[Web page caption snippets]
○ ○ ○ ○ ○
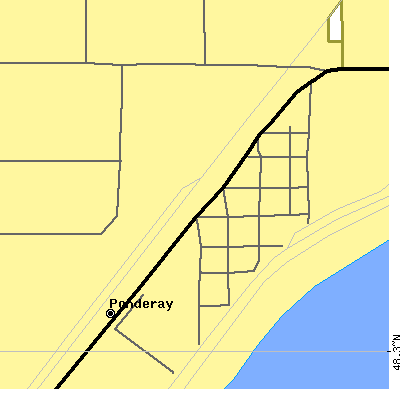 Zip code 83852 close-up map
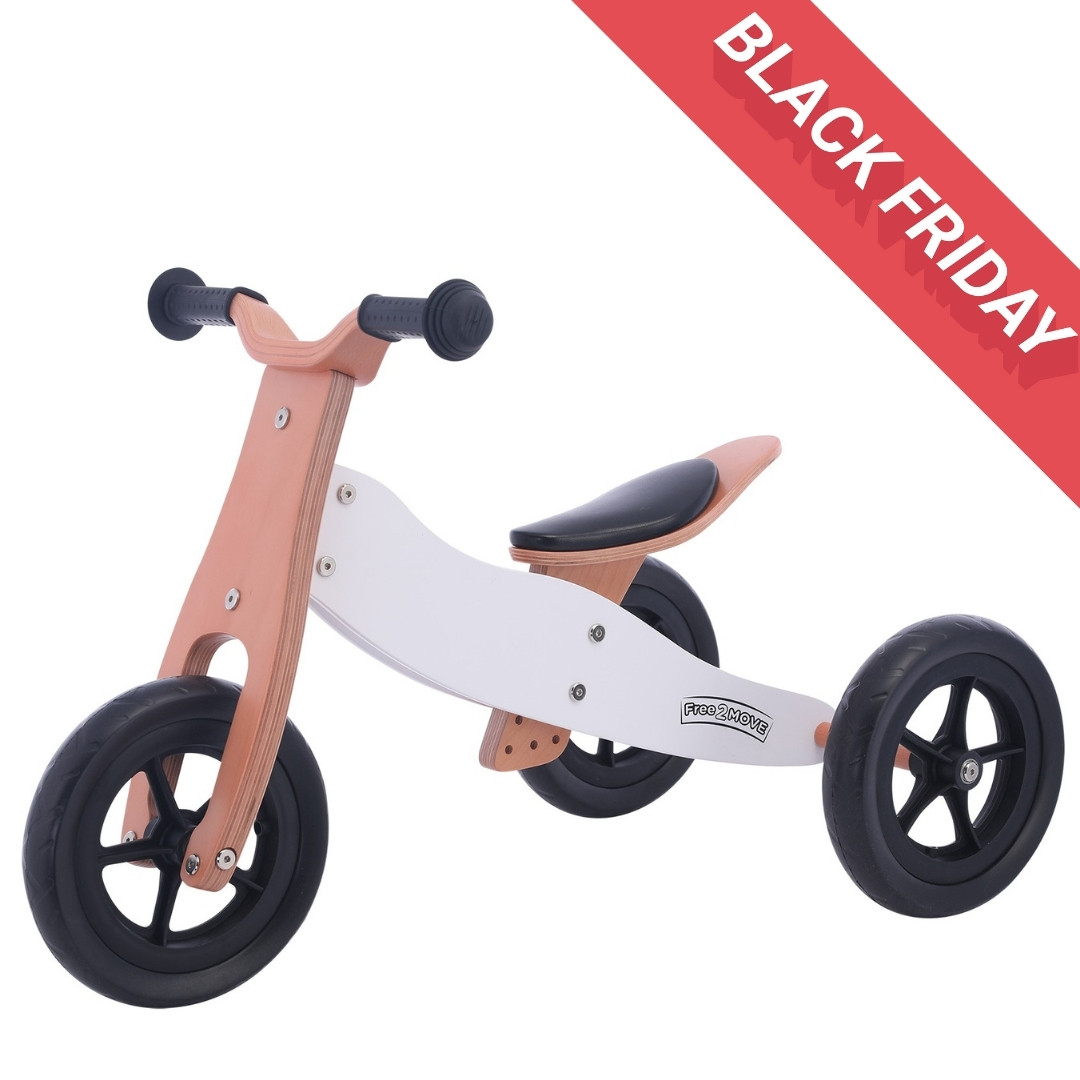 Біговел Free2Move 2 в1, brown - white, фото 1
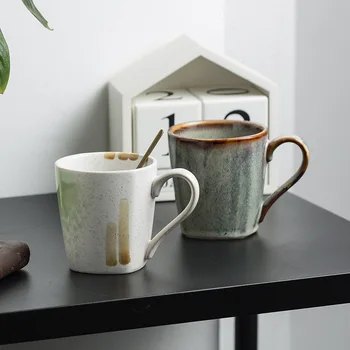 Criativo retro taça de cerâmica home office beber leite xícara de café xícara de café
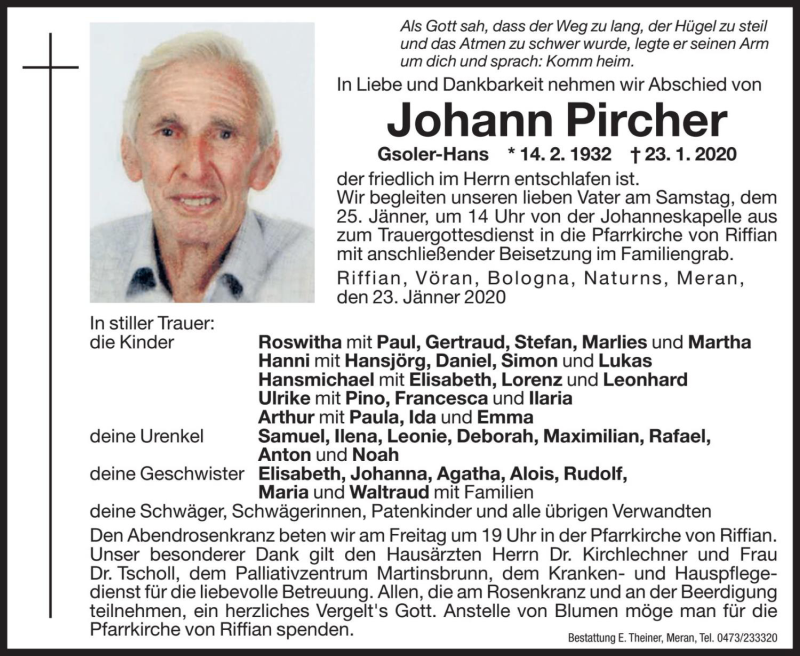  Traueranzeige für Johann Pircher vom 24.01.2020 aus Dolomiten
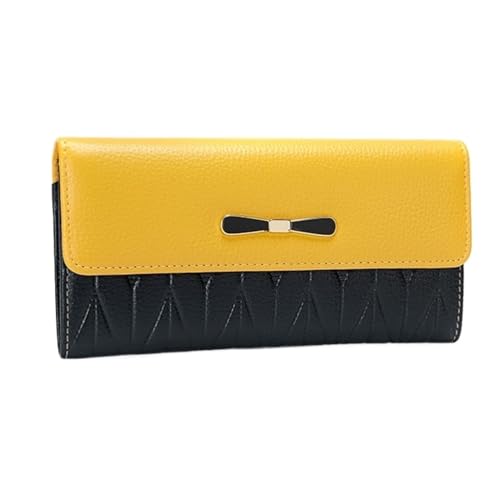 DXFBHWWS Damen-Geldklammern aus Rindsleder, Geldbörsen, Handtaschen, echtes Leder, Geldbörsen, Kartenetuis (Color : Yellow)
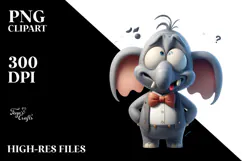 Silly Cartoon Elephant with Bow Tie, PNG Product Image 2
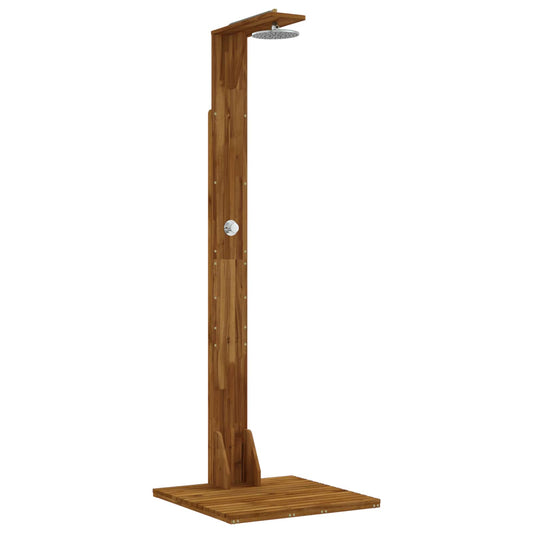 Outdoor Shower 219 cm Solid Acacia Wood and Stainless Steel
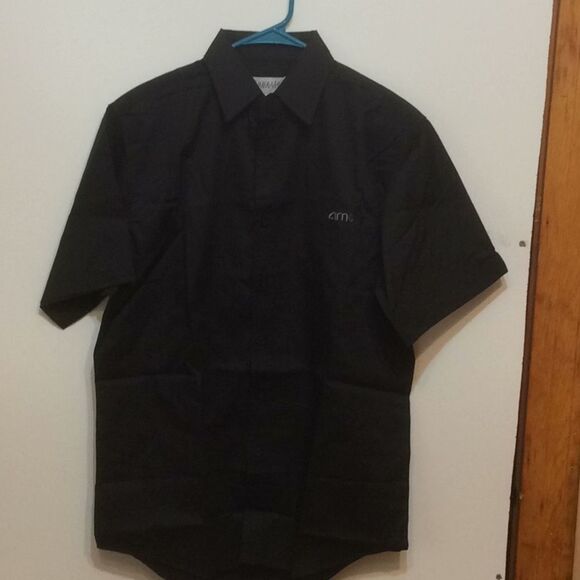 Amc Uniform Top Short Sleeve Black Button Down - Picture 1 of 6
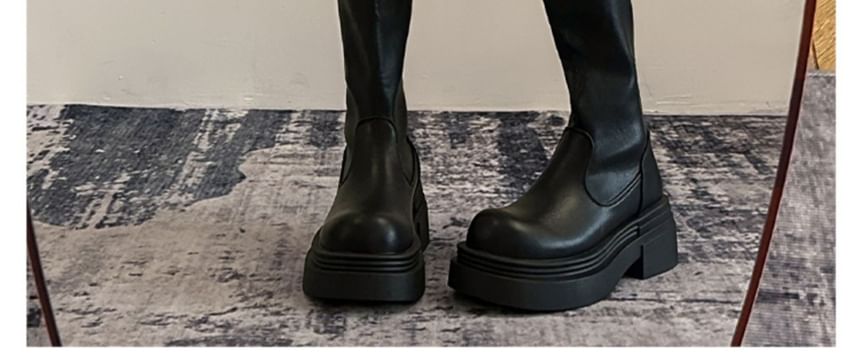 Sample Faux Leather Platform Over-The-Knee Boots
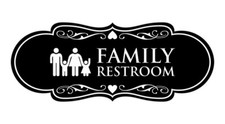 Signs ByLITA Designer Family Bathroom Restroom Wall or Door Sign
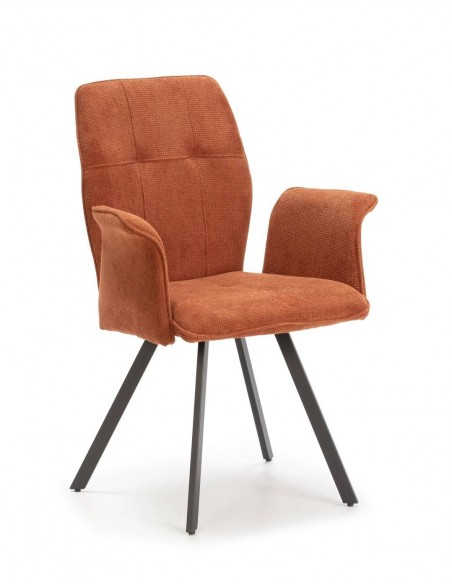 Silla con brazos MERY, tejido marrón y metal negro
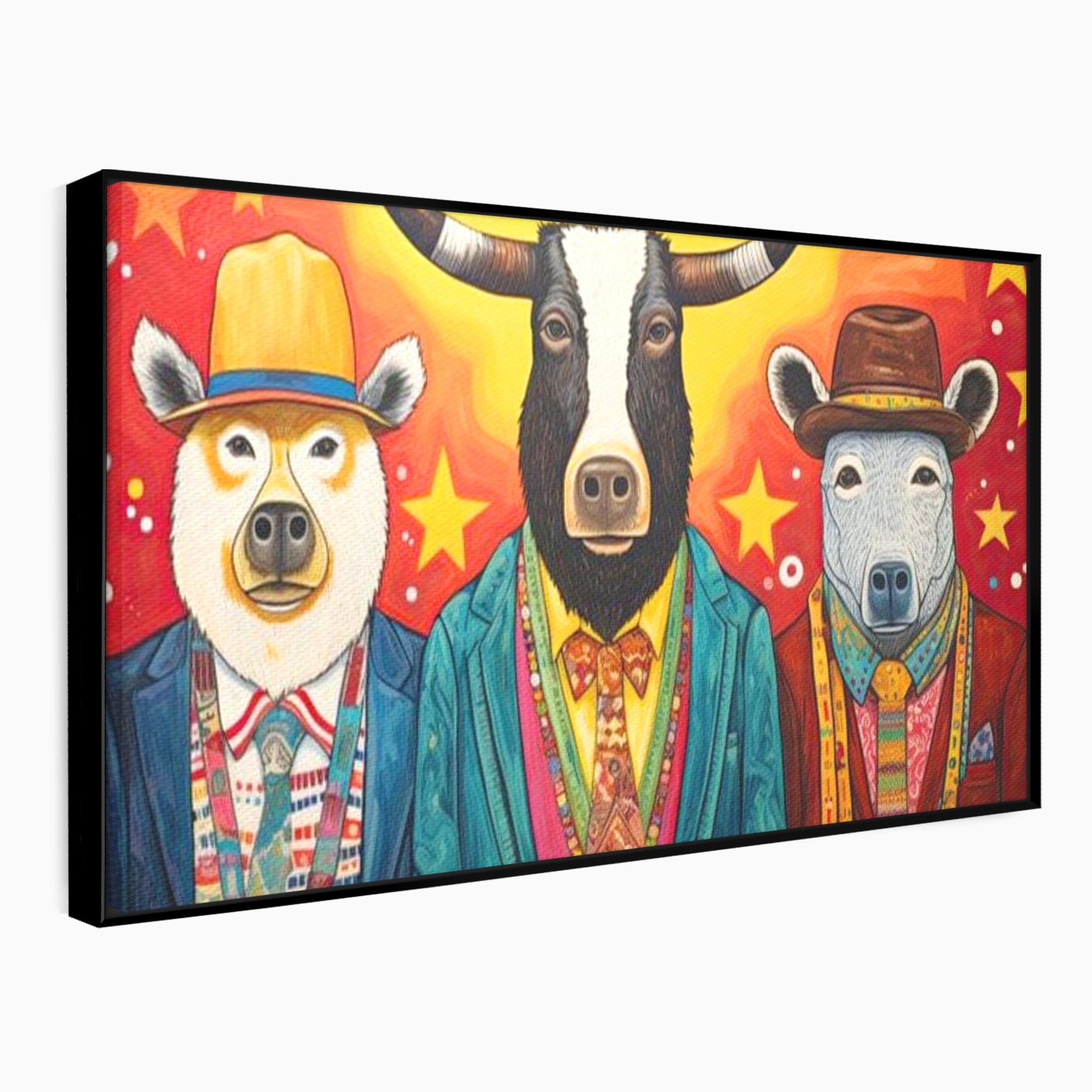 Tablou canvas cu tablou canvas cu trei animale antropomorfe stilizate, in rama de aluminiu negru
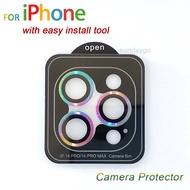 FOR iPhone 12 13 Mini 13 Pro Max 14 Plus 14 Pro Max Metal Camera Lens Cover Glass Protector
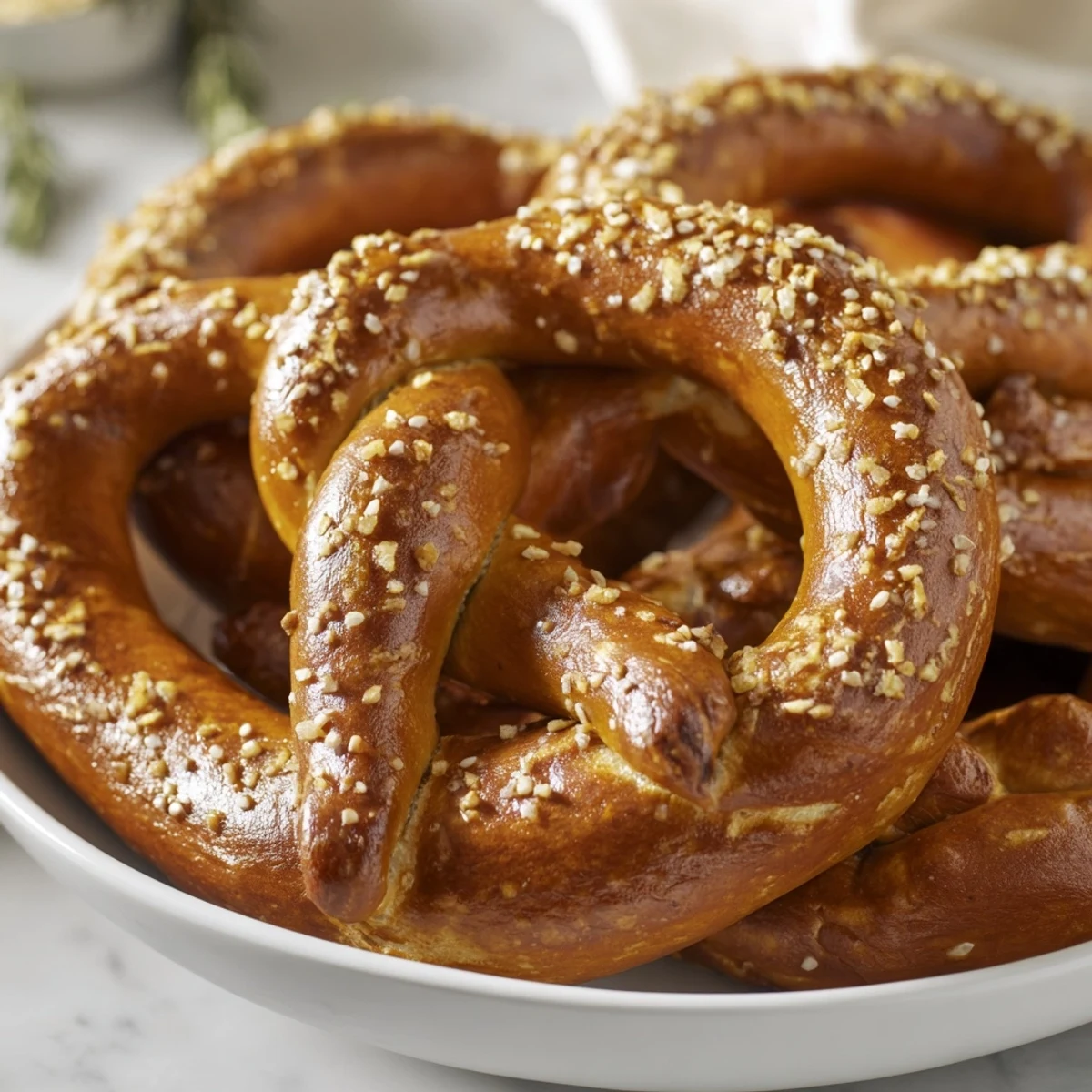 Close-up of a golden brown Budget Holiday Pretzel Wreath, ready to be shared and enjoyed warm.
○ ○ ○ ○ ○
** REQUIRED WORK **
Please copy exactly the lines from the one containing "Outdoor Shower 219" through the end of the records above, leaving out every picture.

** OUTPUT **
 Outdoor Shower 219 cm Solid Acacia Wood and Stainless Steel
 Amc Uniform Top Short Sleeve Black Button Down - Picture 1 of 6
 Sample Faux Leather Platform Over-The-Knee Boots
 Signs ByLITA Designer Family Bathroom Restroom Wall or Door Sign
 Silla con brazos MERY, tejido marrón y metal negro
 Tablou canvas cu tablou canvas cu trei animale antropomorfe stilizate, in rama de aluminiu negru
 FOR iPhone 12 13 Mini 13 Pro Max 14 Plus 14 Pro Max Metal Camera Lens Cover Glass Protector
 Close-up of a golden brown Budget Holiday Pretzel Wreath, ready to be shared and enjoyed warm.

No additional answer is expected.